> _Source data_
_ _ _ _ _

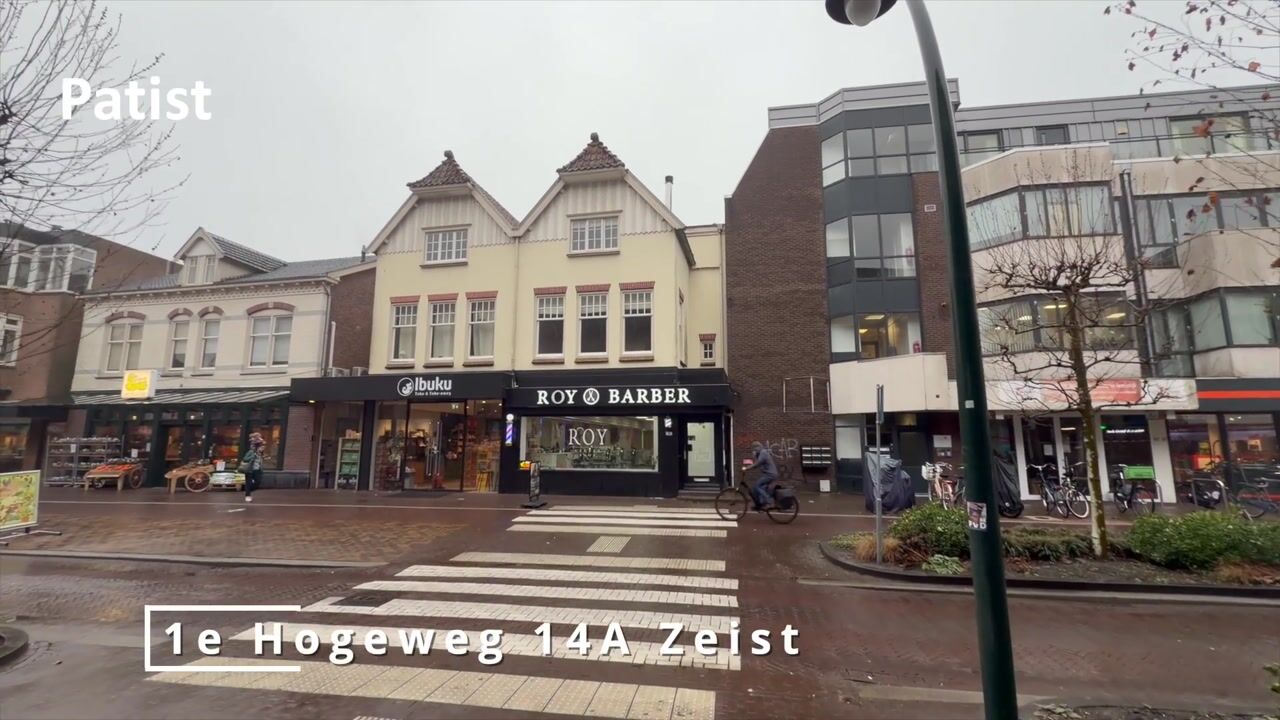 Video of 1e Hogeweg 14-A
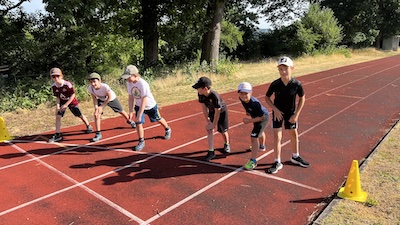lauf start 2
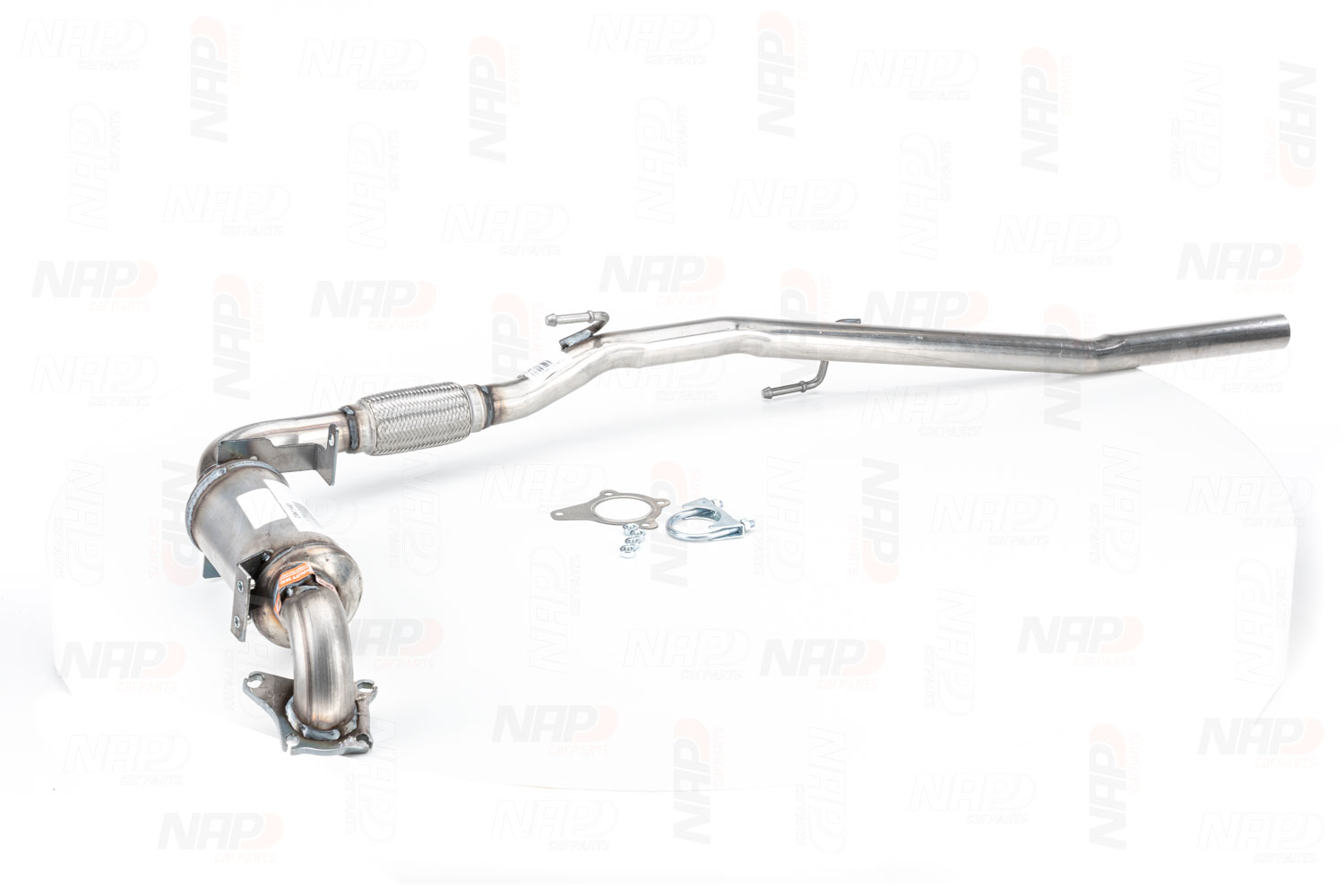 Catalyseur (Pot catalytique) NAP carPARTS ref. CAK11441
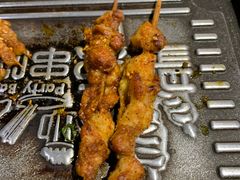 -聚点串吧·北京烧烤(赵登禹路店)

_ _ _ _ _

The answer should contain only the lines from the one with "lauf start 2" through the last line of the material, given word for word and without pictures.

lauf start 2
 Catalyseur (Pot catalytique) NAP carPARTS ref. CAK11441
 -聚点串吧·北京烧烤(赵登禹路店)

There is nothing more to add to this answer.